▶ [Exercise]
The answer is to be the lines of the material from its start through the line containing "You'll perform 10", each copied exactly; no pictures.

▶ [Given information]
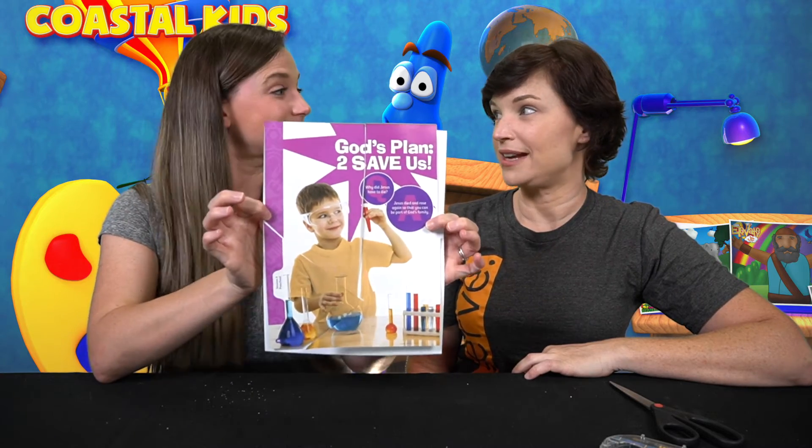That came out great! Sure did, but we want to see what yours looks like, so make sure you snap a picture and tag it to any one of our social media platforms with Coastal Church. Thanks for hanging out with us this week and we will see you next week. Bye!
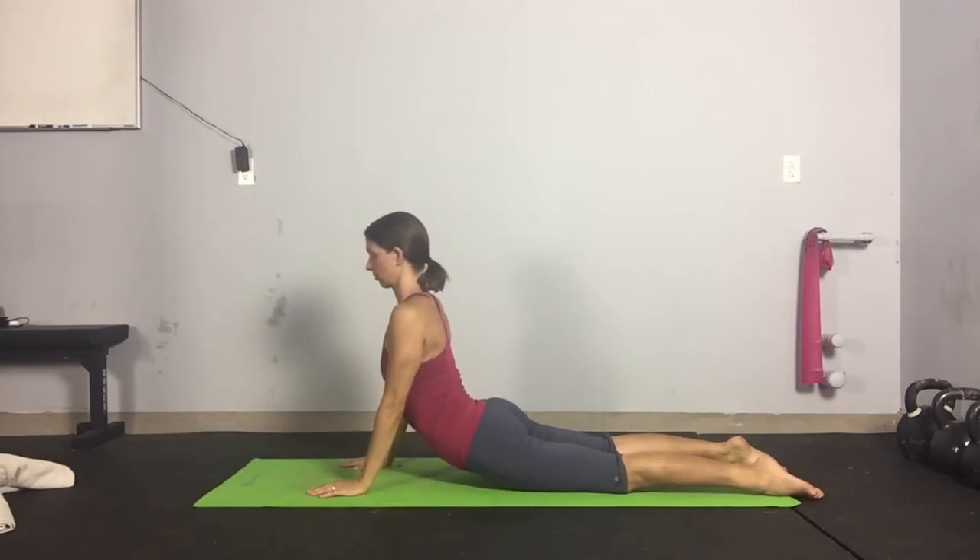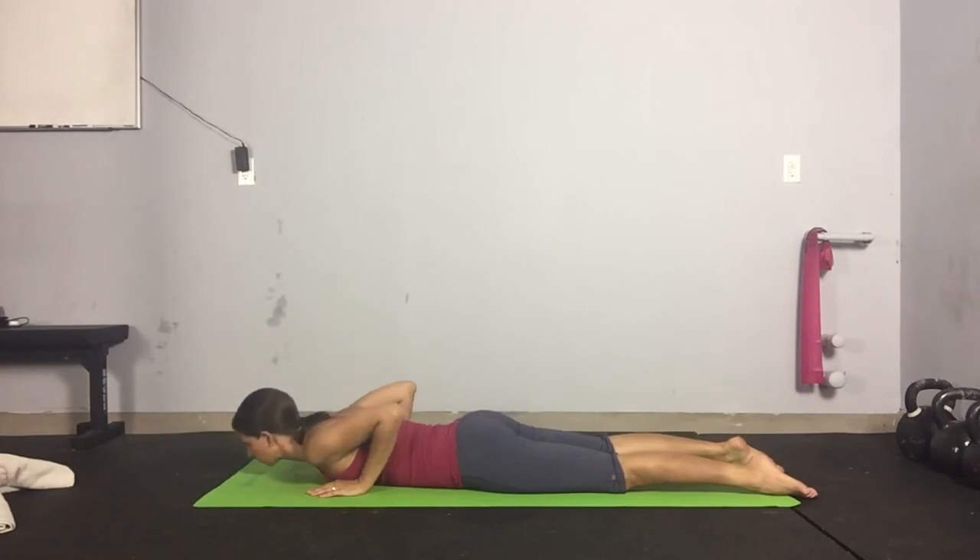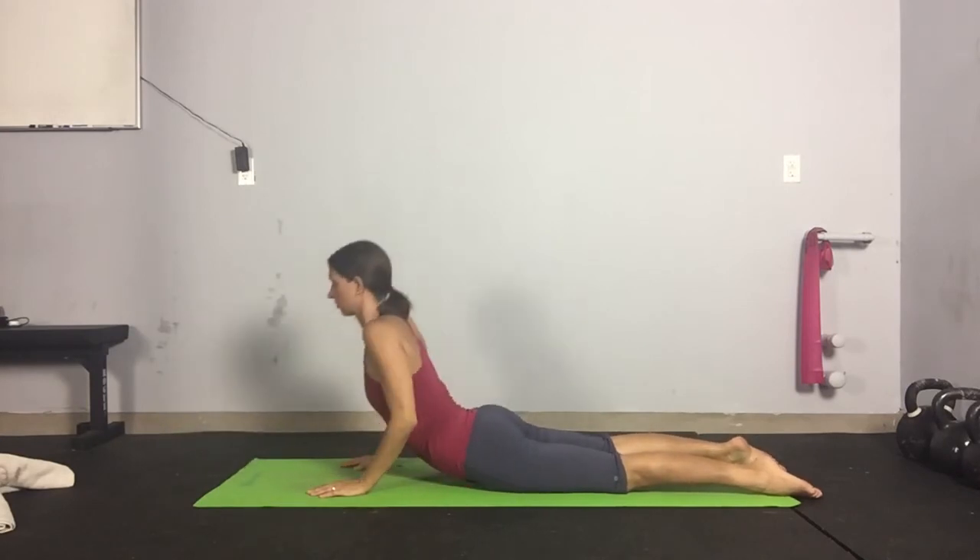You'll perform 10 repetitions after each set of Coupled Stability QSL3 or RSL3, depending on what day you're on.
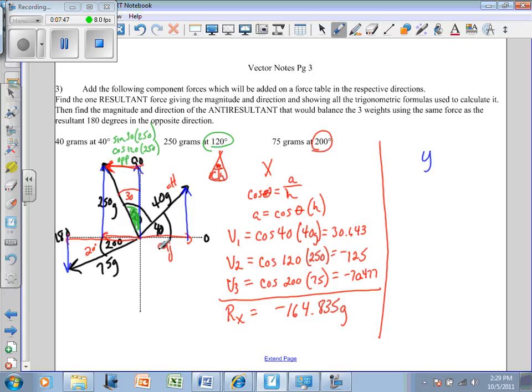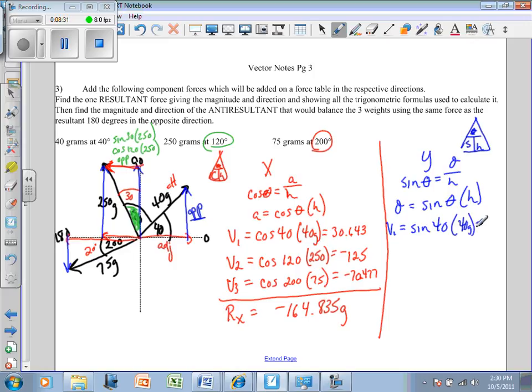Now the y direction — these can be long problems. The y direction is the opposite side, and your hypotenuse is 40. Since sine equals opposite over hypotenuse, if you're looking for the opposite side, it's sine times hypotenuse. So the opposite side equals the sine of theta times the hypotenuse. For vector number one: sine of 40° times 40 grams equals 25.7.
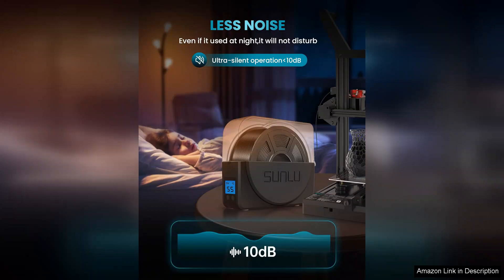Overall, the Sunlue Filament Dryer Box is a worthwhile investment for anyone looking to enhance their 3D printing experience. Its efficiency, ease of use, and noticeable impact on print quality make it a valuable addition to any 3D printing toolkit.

▶ [Result below]
That came out great! Sure did, but we want to see what yours looks like, so make sure you snap a picture and tag it to any one of our social media platforms with Coastal Church. Thanks for hanging out with us this week and we will see you next week. Bye!
You'll perform 10 repetitions after each set of Coupled Stability QSL3 or RSL3, depending on what day you're on.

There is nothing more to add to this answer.